## Description of the task
Give back the lines of the entries below exactly as written, from the first line to the line holding "Hello guys, welcome", both included, with the pictures omitted.

(Dataset entries)
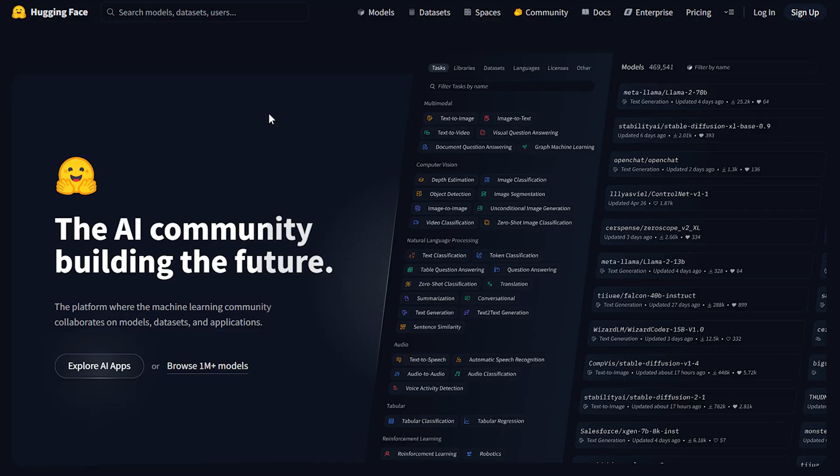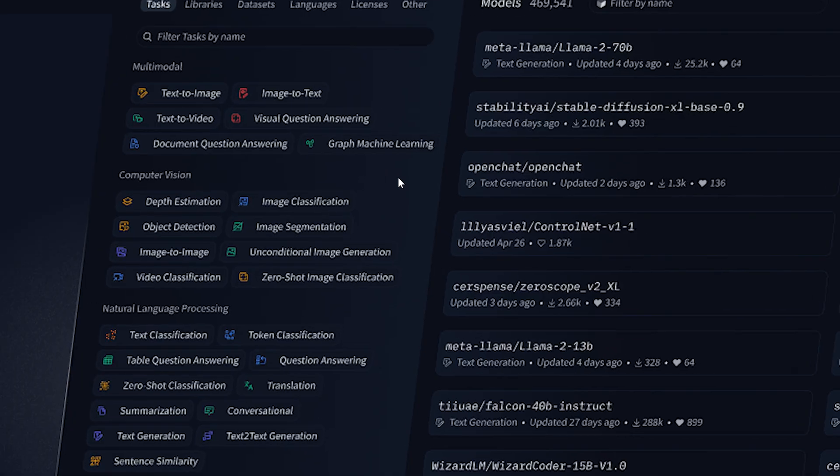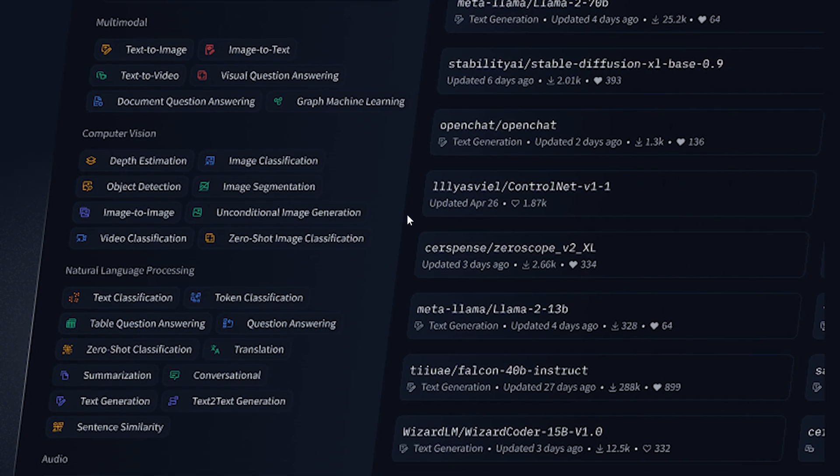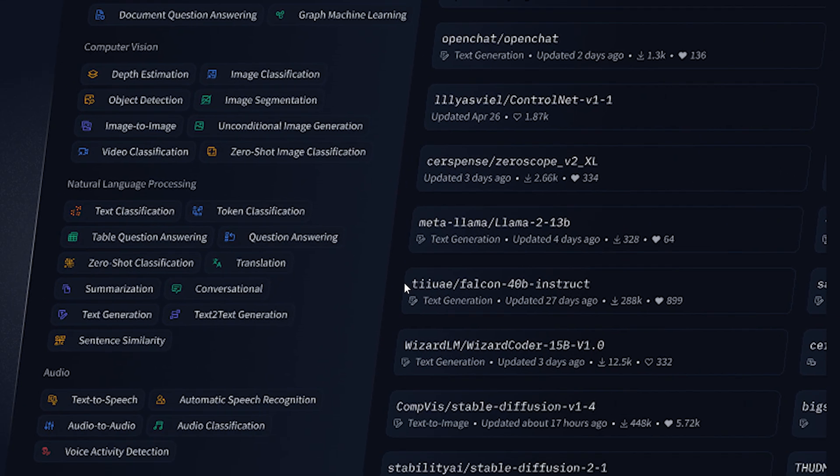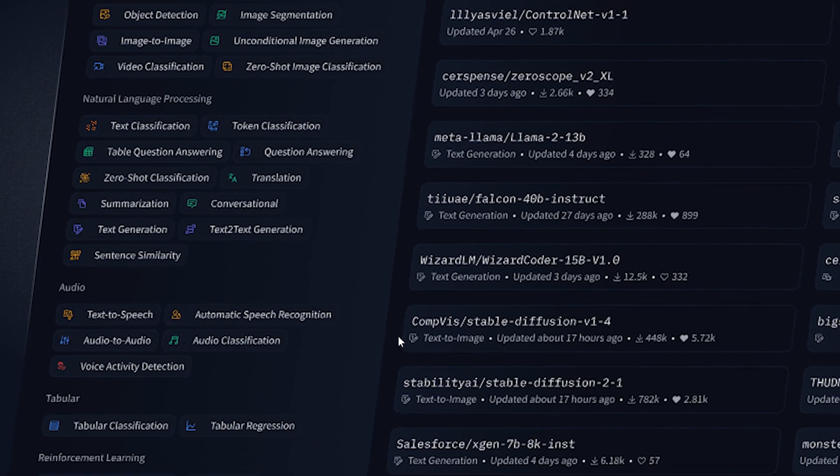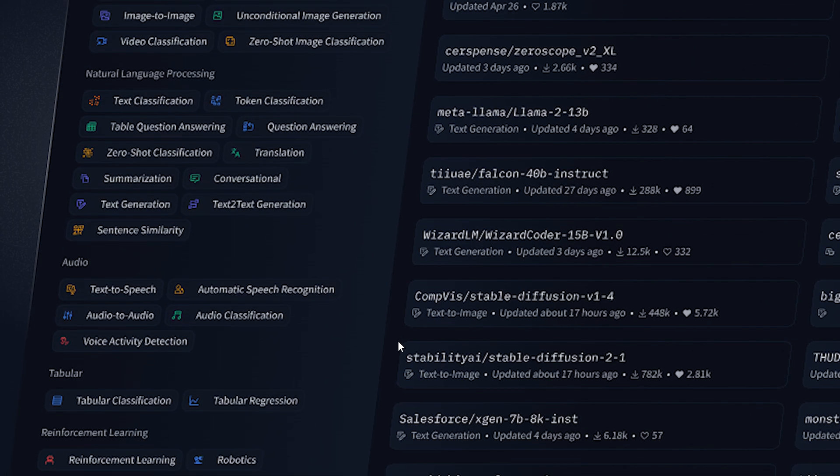Thirdly, Hugging Face is also a fantastic AI humanizer which is open source, and there are so many AI engines available to help you reduce your AI content. So use Hugging Face for your AI humanizing needs.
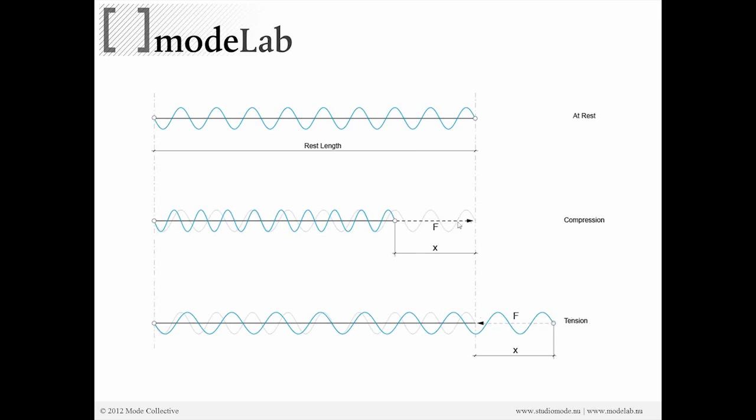Springs are pretty easy to understand because they're intuitive. They're a line. If we squish it, it wants to go back to its original shape. And it may bounce, but it will relax back into that original shape. And vice versa, if we stretch it like a slinky, it wants to go back to its original shape.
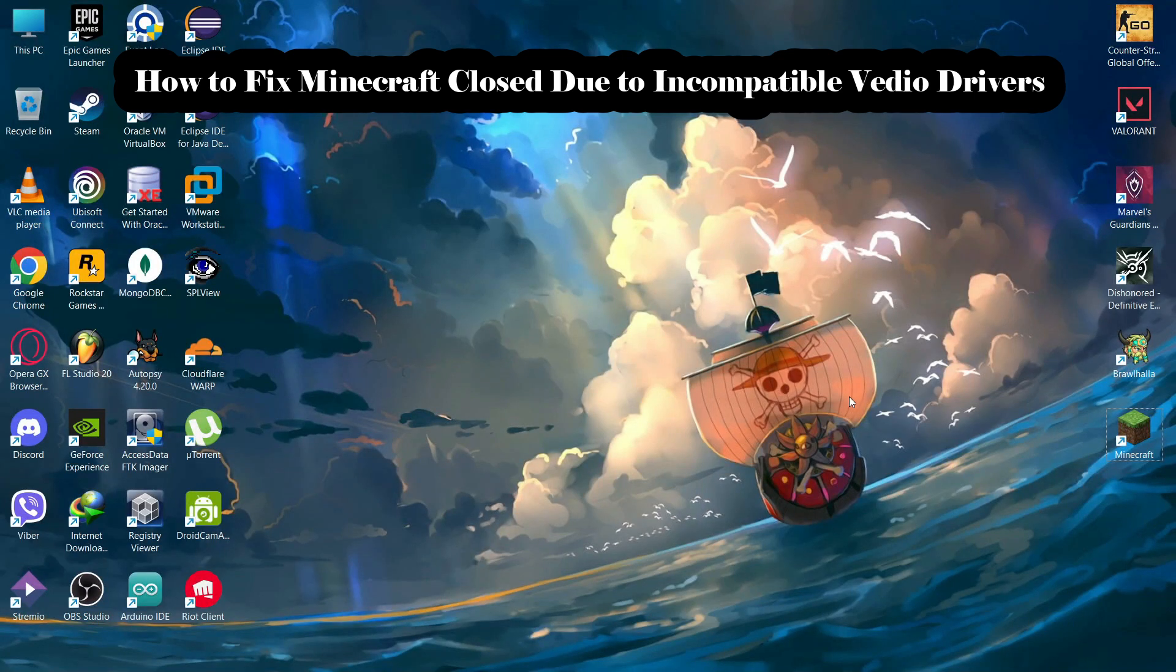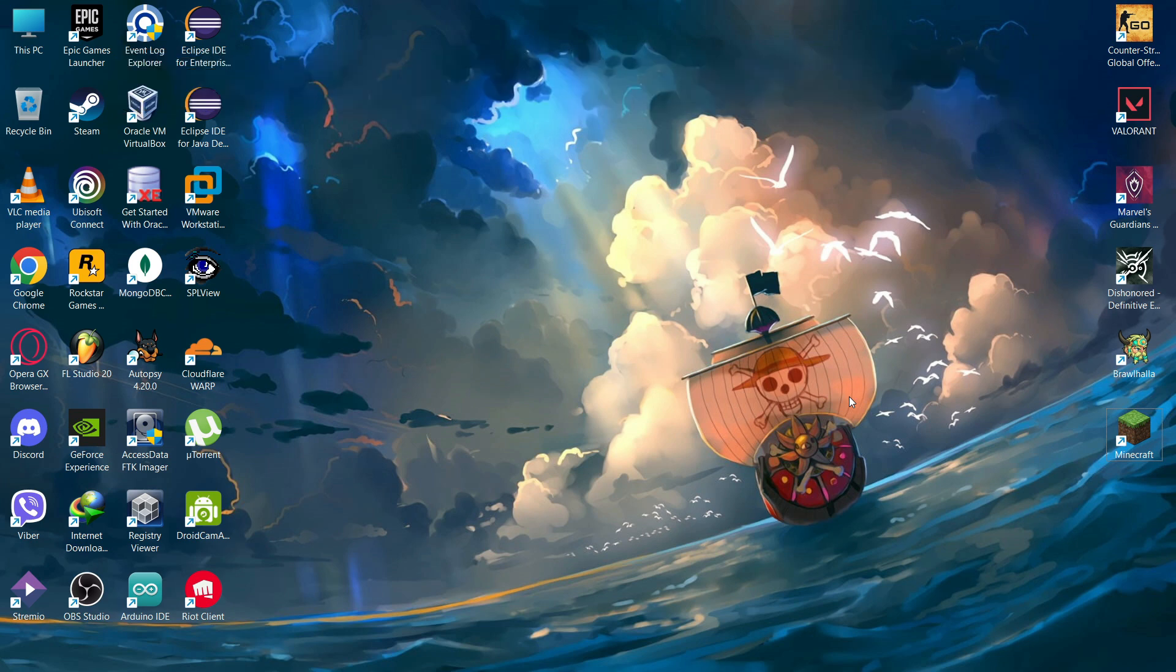Hello guys, welcome back to the channel Maple Gaming. Have you ever had a problem if your Minecraft was closed due to incompatible driver? So let me explain in this video how to fix it.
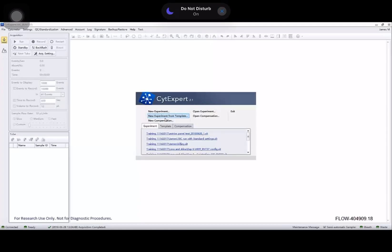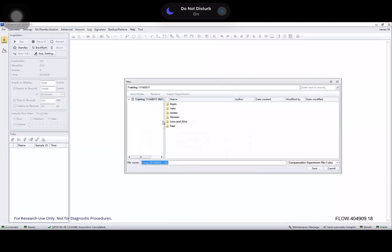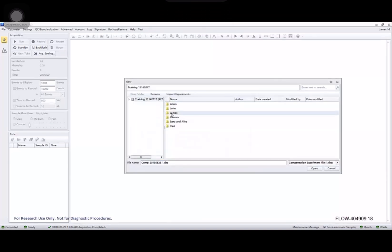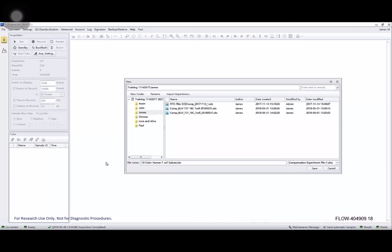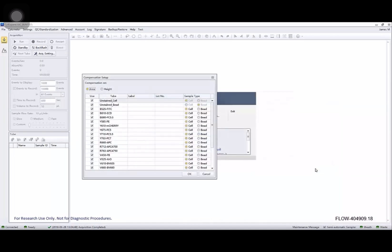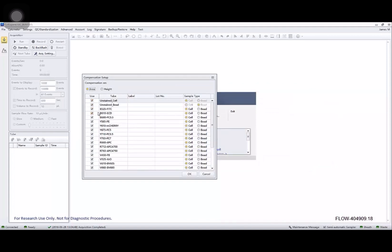Let's look at how we create a compensation experiment in CytoExpert. Click on new compensation. I'm in electronic record management mode here so I have some folders to work with and I'm just going to name this example 10 color human T cell subset and I will save that experiment.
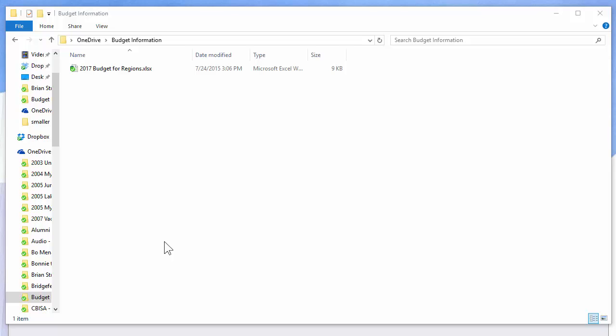I have paid for Office 365, which gives you a thousand gigs, so it works either way. I have a folder under OneDrive called Budget Information. You can see it right here, and I have one file in it.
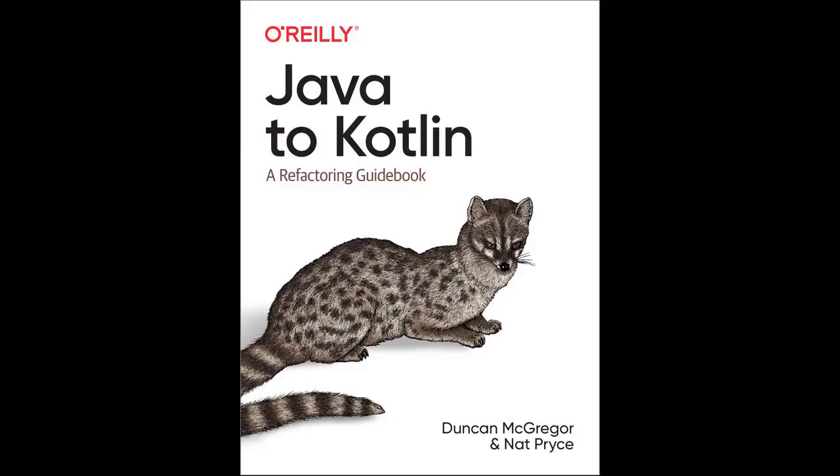If you'd like to see that happen, then please subscribe to the channel using one of the buttons that should pop up soon. And if you liked this content, I think you'll enjoy the book I wrote with Nat Pryce, called Java to Kotlin, A Refactoring Guidebook, details of which are in the show notes below. Thank you for watching.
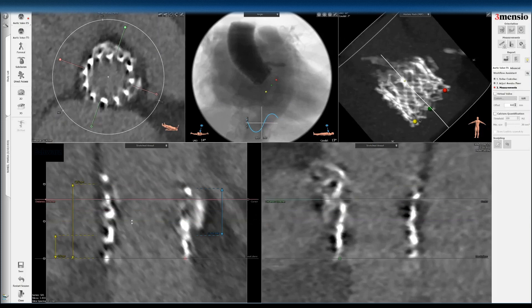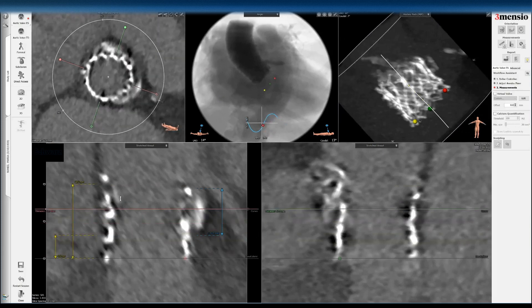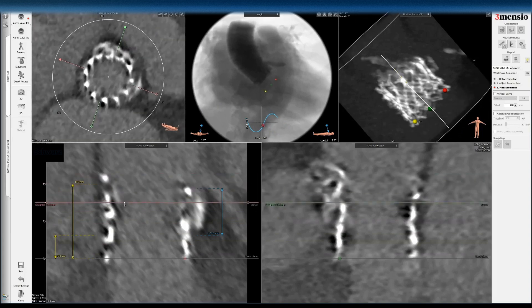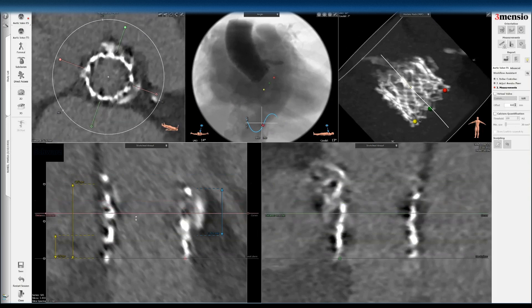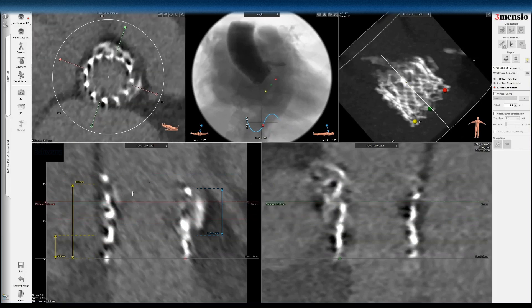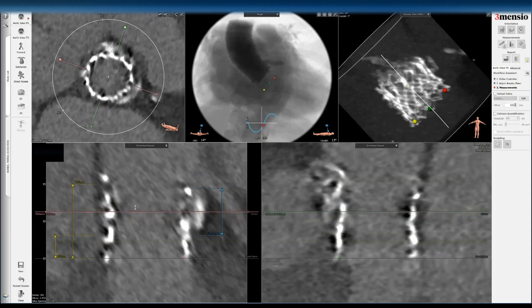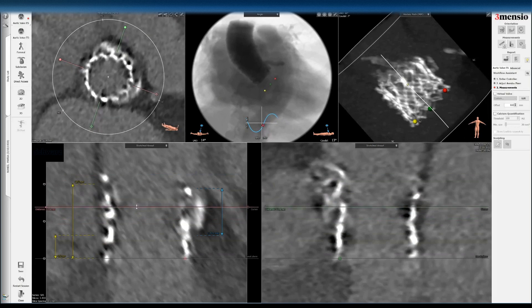Now let's look at the valve orientation. With motion artifact it's hard to delineate the commissures, but you can see some indications — slightly thicker areas indicating commissure posts, since double-line mounting occurs at the commissure. One trick is to use a diastolic phase at 75%, because with diastole the valve leaflets should be closed and you can get better orientation assessment. Unfortunately for this patient the diastolic phase had significant artifacts, so we're using the systolic phase.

## Reply
Thirdly, Hugging Face is also a fantastic AI humanizer which is open source, and there are so many AI engines available to help you reduce your AI content. So use Hugging Face for your AI humanizing needs.
Springs are pretty easy to understand because they're intuitive. They're a line. If we squish it, it wants to go back to its original shape. And it may bounce, but it will relax back into that original shape. And vice versa, if we stretch it like a slinky, it wants to go back to its original shape.
Hello guys, welcome back to the channel Maple Gaming. Have you ever had a problem if your Minecraft was closed due to incompatible driver? So let me explain in this video how to fix it.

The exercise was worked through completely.